About this exercise> In the material below, find the line with "Costway Storage Cabinet Sideboard Buffet" and the line with "Leopard Print Shower". Output exactly those two lines and all lines between them, leaving out pictures.

Extracted information>
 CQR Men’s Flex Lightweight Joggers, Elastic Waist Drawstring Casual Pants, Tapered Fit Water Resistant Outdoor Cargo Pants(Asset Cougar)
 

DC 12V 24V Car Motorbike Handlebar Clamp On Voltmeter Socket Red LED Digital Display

==

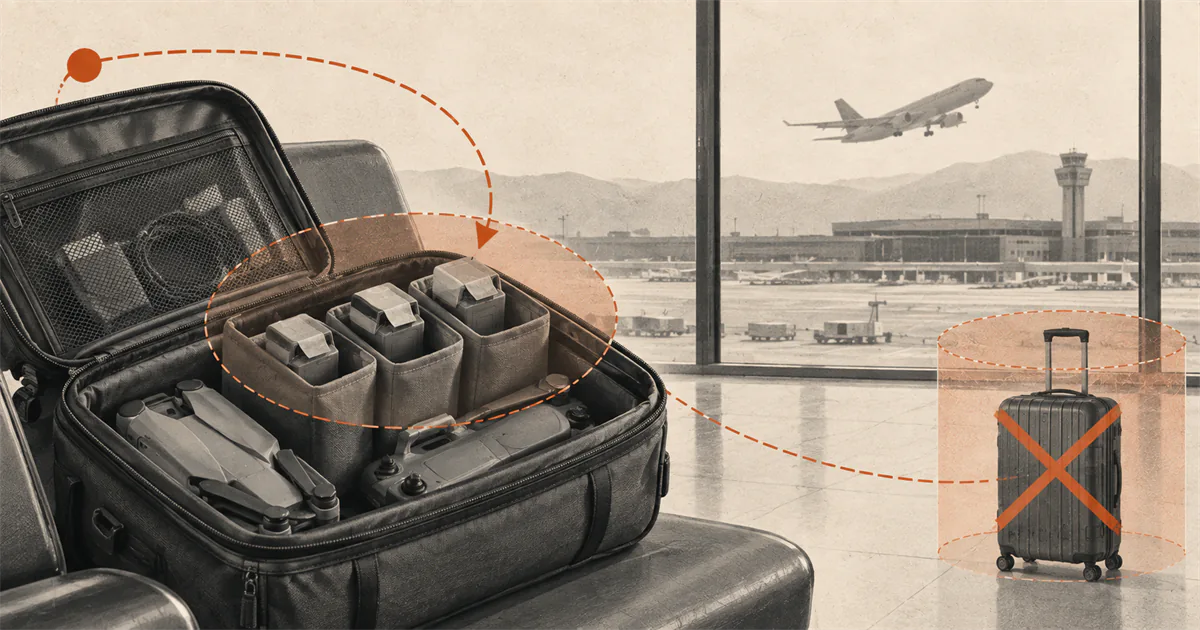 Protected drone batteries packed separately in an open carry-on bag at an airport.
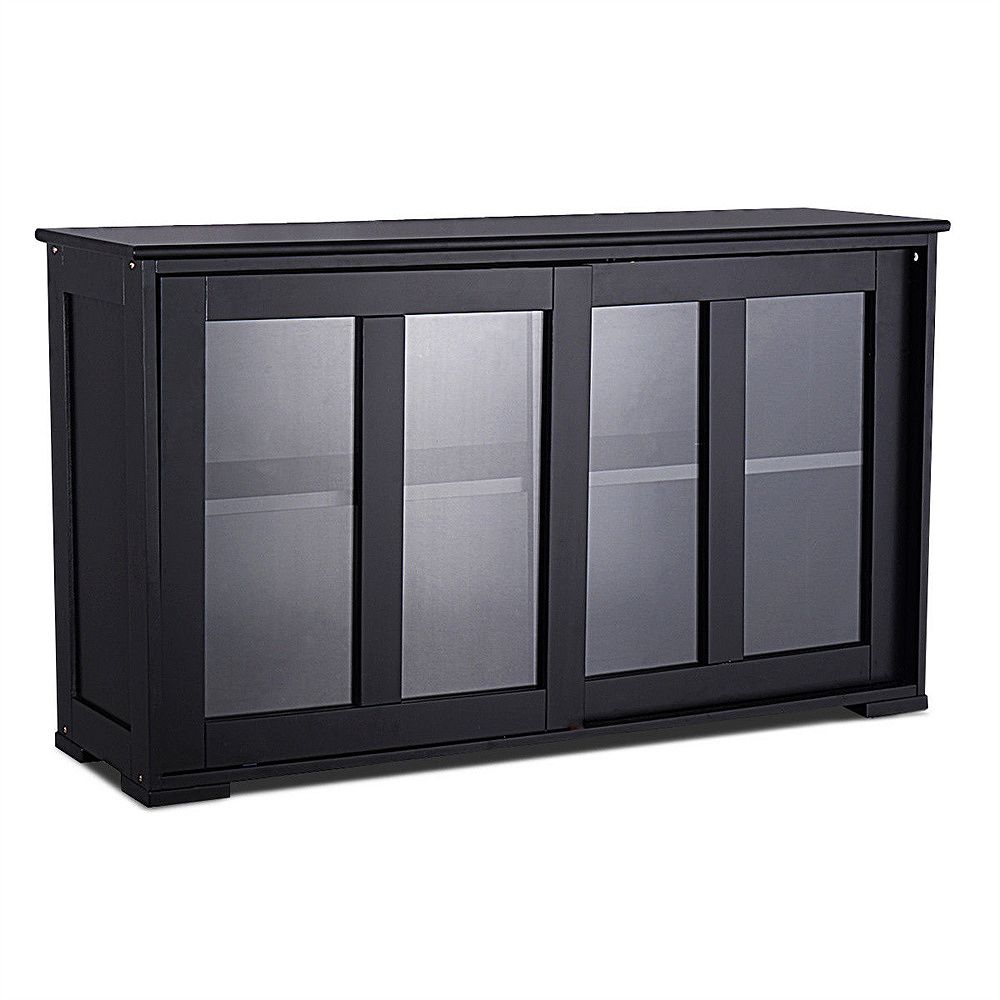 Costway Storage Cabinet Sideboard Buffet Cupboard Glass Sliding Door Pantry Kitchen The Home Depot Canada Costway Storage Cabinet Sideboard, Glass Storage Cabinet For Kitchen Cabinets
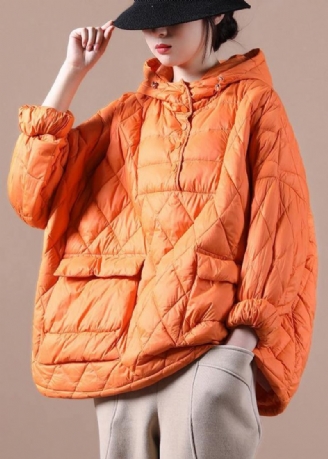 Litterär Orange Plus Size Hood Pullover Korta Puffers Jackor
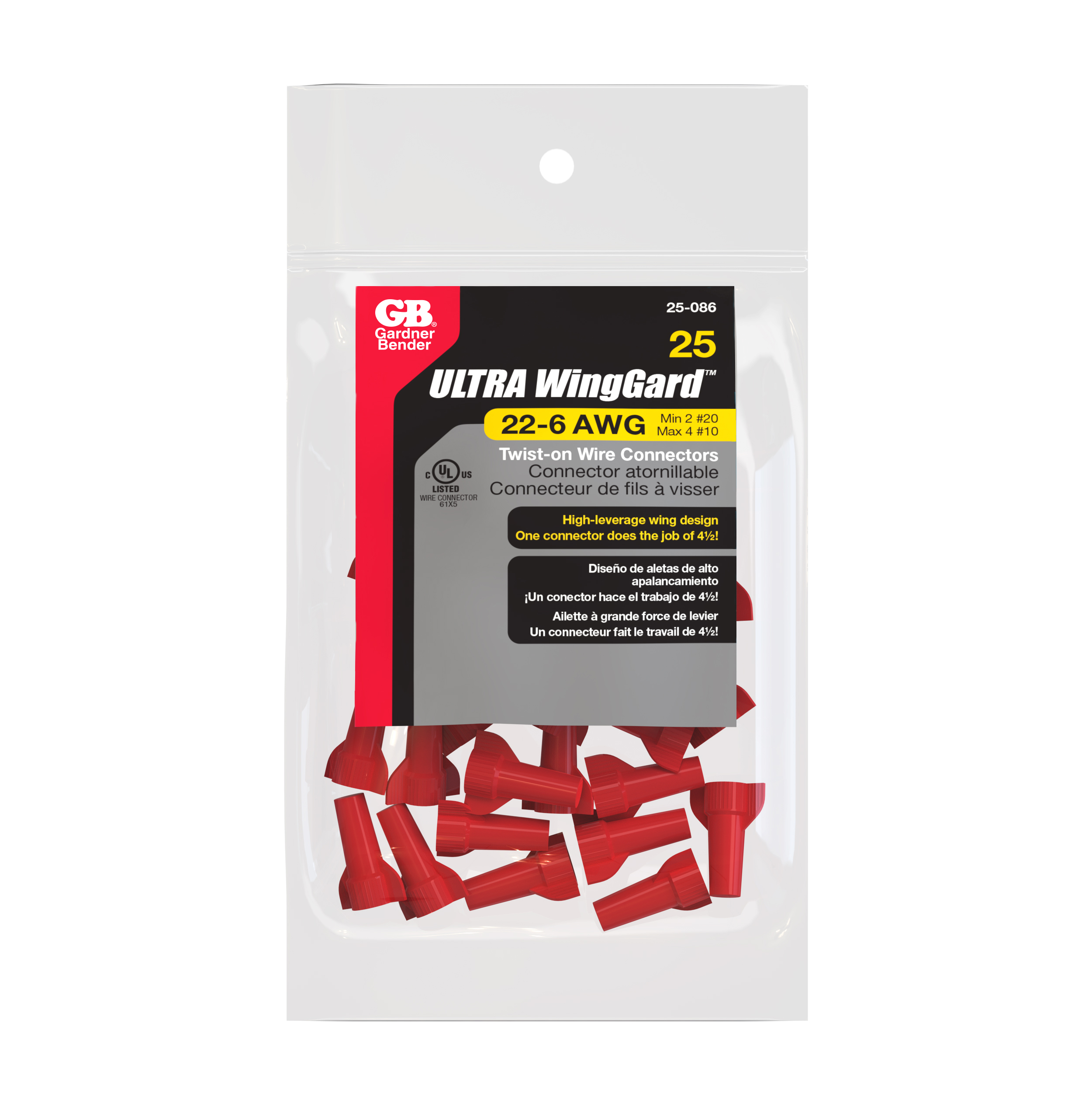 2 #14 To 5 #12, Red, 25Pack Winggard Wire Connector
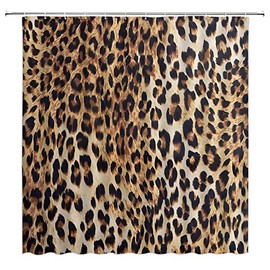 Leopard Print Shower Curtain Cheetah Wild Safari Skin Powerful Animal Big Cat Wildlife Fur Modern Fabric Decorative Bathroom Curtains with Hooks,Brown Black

==

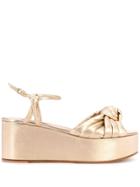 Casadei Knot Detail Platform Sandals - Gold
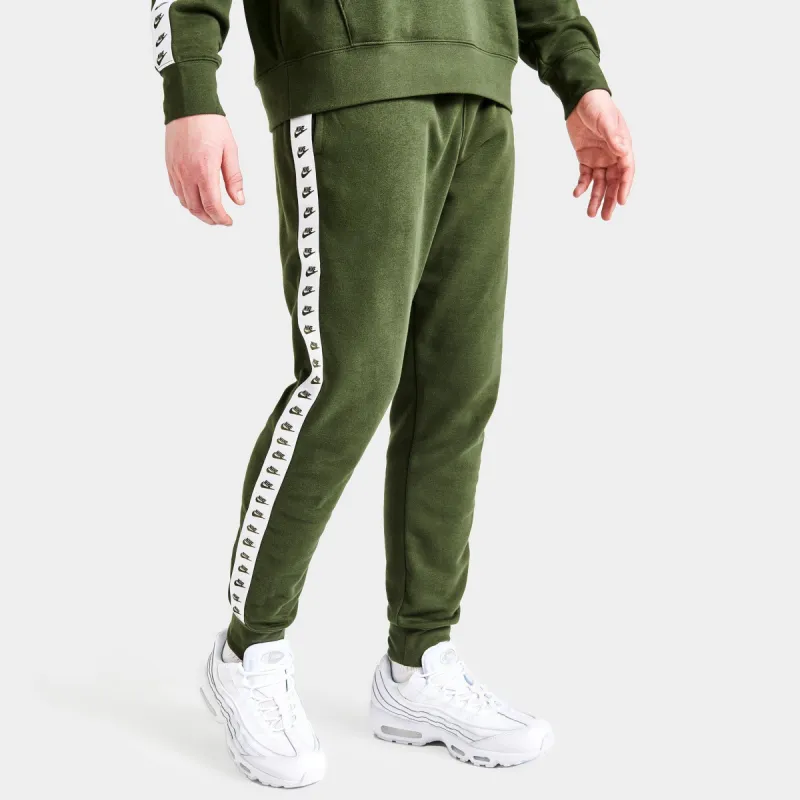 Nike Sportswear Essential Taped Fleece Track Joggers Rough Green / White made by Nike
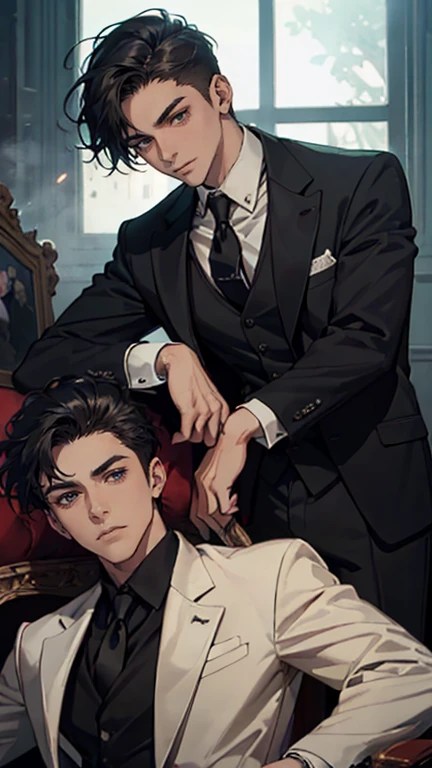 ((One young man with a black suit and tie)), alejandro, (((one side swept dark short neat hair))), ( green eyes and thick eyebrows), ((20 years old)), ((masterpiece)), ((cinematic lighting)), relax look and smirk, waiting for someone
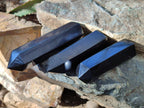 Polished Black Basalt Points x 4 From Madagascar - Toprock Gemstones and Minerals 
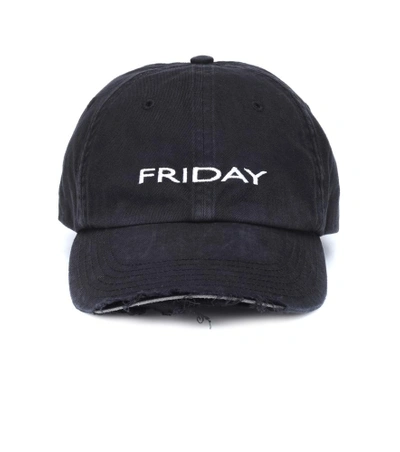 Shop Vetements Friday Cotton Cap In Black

Task solution>
 Costway Storage Cabinet Sideboard Buffet Cupboard Glass Sliding Door Pantry Kitchen The Home Depot Canada Costway Storage Cabinet Sideboard, Glass Storage Cabinet For Kitchen Cabinets
 Litterär Orange Plus Size Hood Pullover Korta Puffers Jackor
 2 #14 To 5 #12, Red, 25Pack Winggard Wire Connector
 Leopard Print Shower Curtain Cheetah Wild Safari Skin Powerful Animal Big Cat Wildlife Fur Modern Fabric Decorative Bathroom Curtains with Hooks,Brown Black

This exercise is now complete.